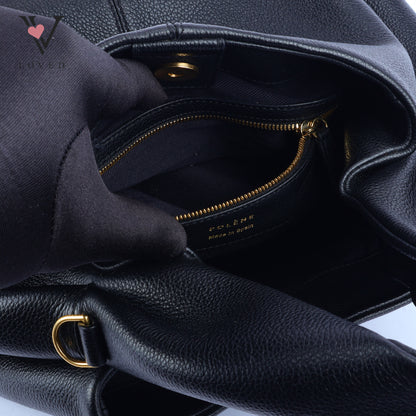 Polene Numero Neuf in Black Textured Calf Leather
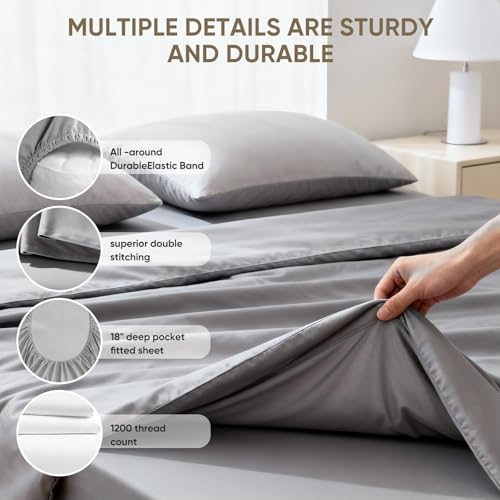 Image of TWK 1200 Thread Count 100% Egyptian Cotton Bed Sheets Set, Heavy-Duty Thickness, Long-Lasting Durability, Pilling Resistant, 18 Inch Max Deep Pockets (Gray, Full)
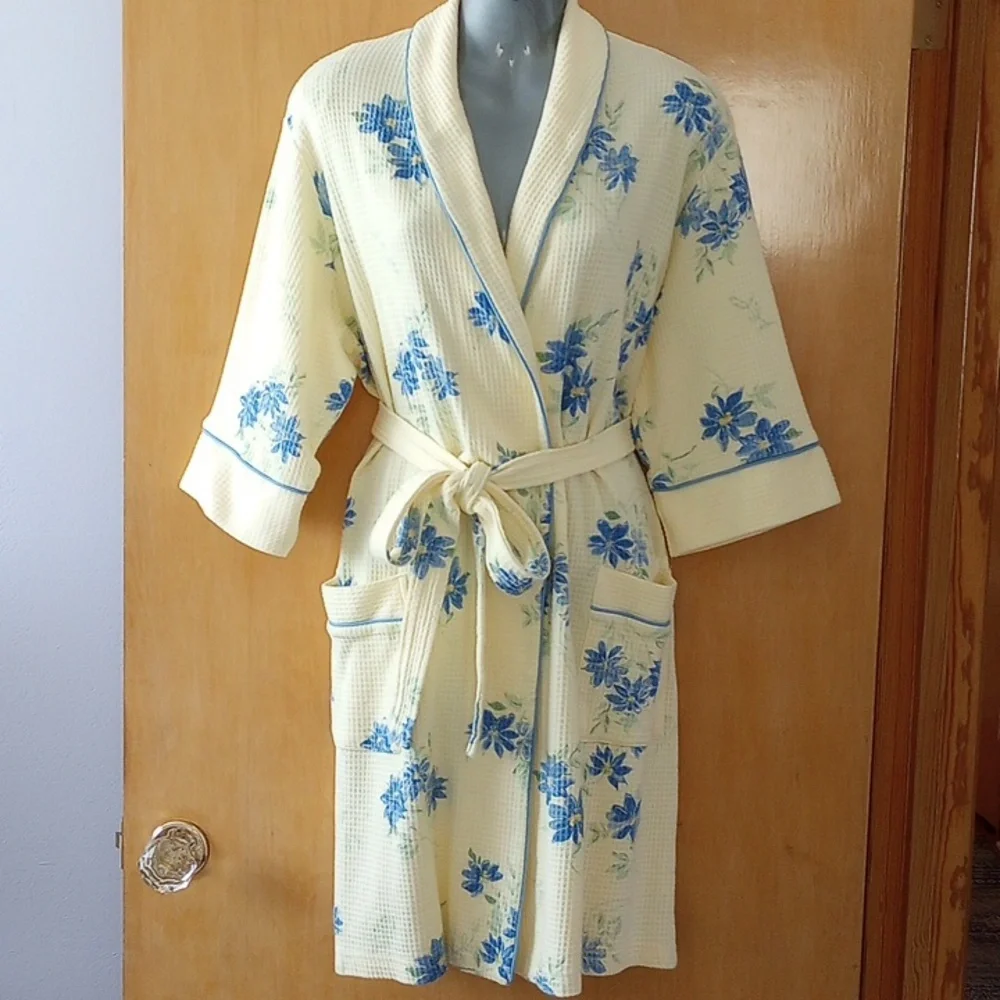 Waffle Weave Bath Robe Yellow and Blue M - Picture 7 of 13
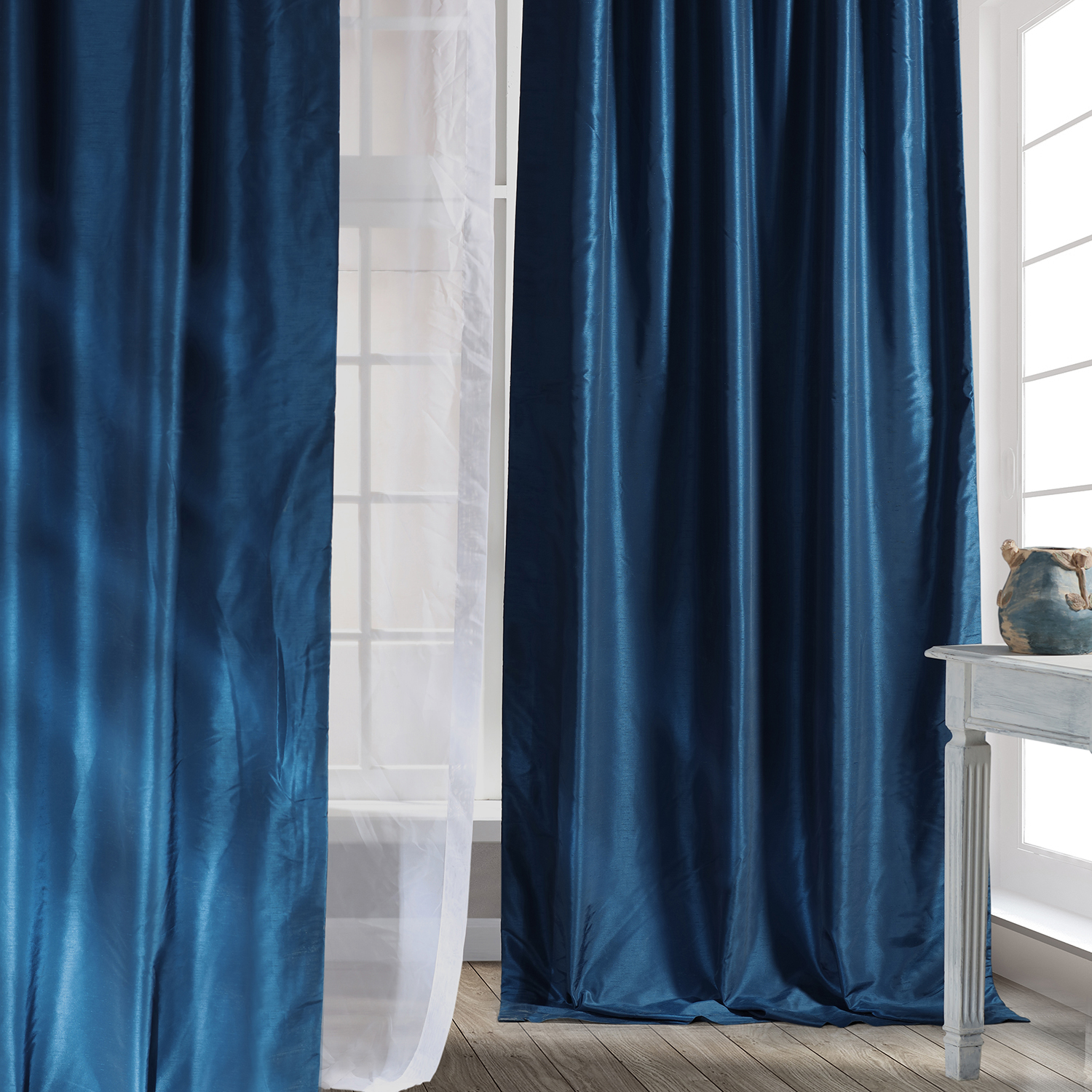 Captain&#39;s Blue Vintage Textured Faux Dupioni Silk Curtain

___

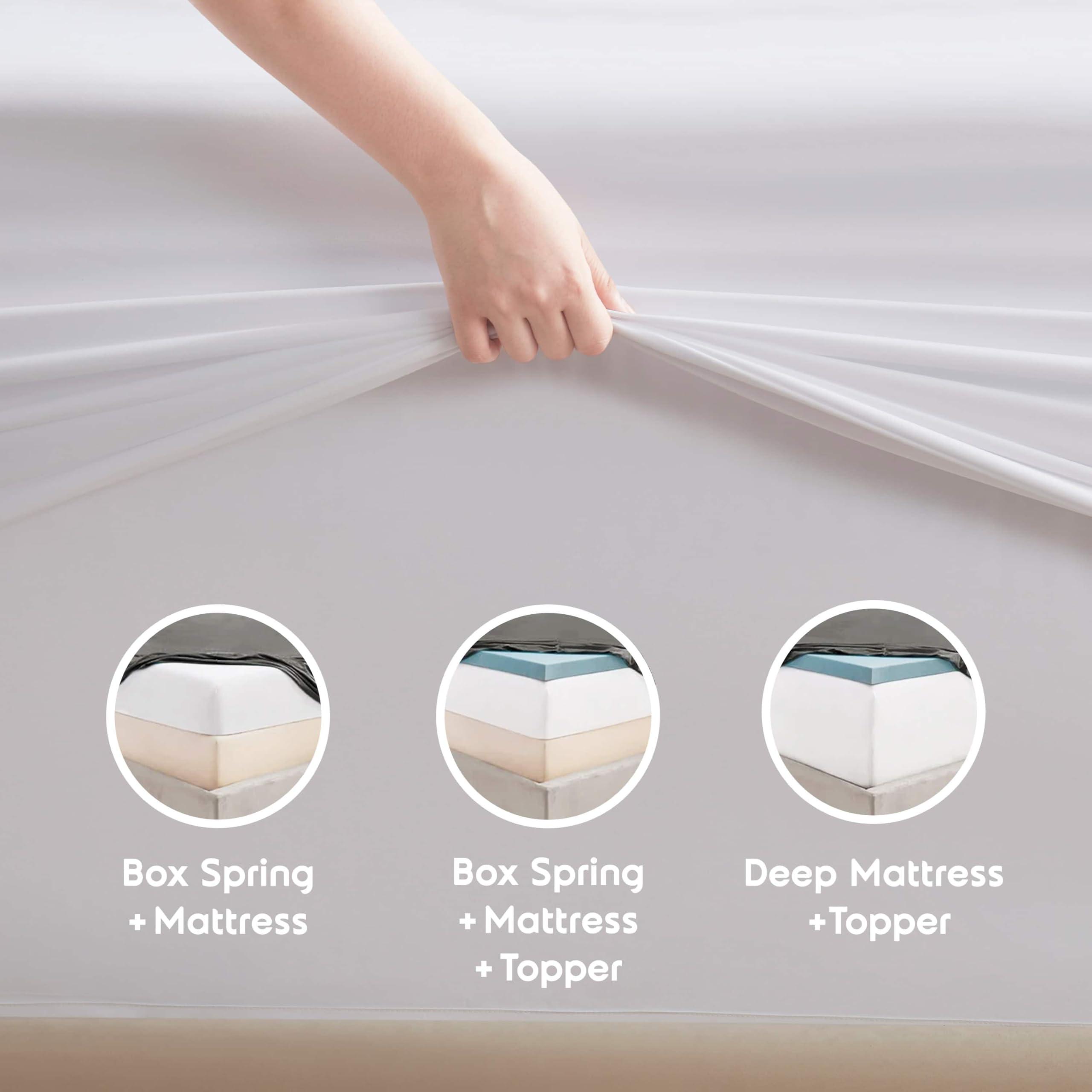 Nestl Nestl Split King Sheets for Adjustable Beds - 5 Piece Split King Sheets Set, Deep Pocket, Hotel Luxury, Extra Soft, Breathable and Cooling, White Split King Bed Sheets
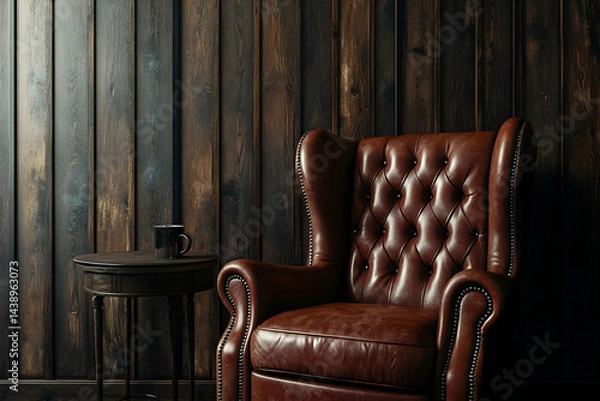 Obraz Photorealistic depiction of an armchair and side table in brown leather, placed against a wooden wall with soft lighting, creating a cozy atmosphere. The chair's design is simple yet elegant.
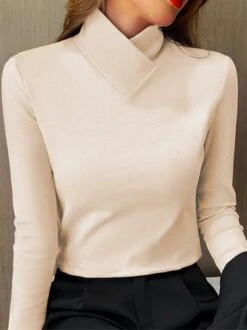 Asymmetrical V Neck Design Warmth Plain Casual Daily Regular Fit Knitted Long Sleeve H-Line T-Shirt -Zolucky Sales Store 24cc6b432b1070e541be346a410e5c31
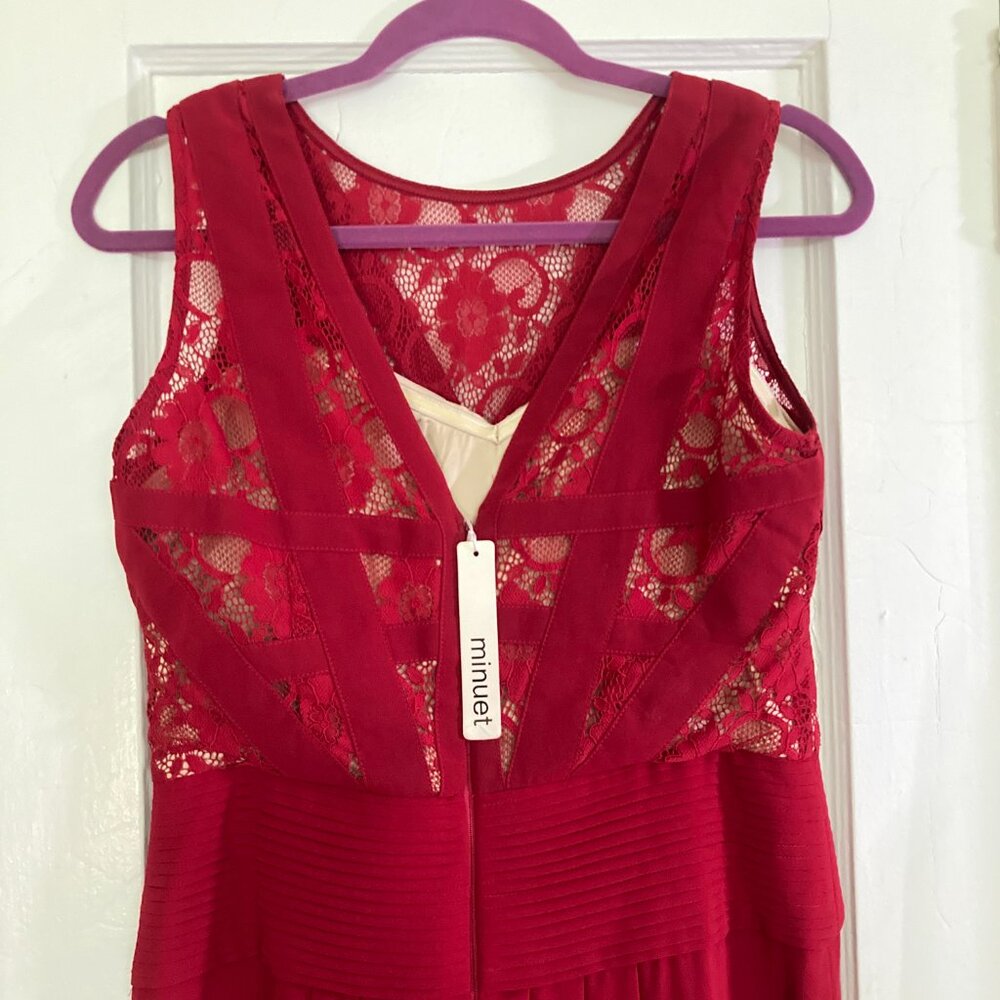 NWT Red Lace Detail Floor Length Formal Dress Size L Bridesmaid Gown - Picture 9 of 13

___

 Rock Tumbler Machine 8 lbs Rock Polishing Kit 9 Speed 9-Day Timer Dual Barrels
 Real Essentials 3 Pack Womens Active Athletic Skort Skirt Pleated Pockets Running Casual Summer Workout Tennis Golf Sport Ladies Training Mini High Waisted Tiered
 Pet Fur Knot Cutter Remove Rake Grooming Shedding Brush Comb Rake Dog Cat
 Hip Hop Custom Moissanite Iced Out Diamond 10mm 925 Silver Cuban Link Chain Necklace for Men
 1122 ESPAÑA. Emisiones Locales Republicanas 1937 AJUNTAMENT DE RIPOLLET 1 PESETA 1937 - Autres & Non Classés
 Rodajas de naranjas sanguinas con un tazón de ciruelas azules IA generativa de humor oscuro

___

_How to complete this task_: Go back to the listing above. Copy word for word the lines from the one with "1122 ESPAÑA. Emisiones" through the one with "Rodajas de naranjas", and nothing more.

_Exercise output_:
 1122 ESPAÑA. Emisiones Locales Republicanas 1937 AJUNTAMENT DE RIPOLLET 1 PESETA 1937 - Autres & Non Classés
 Rodajas de naranjas sanguinas con un tazón de ciruelas azules IA generativa de humor oscuro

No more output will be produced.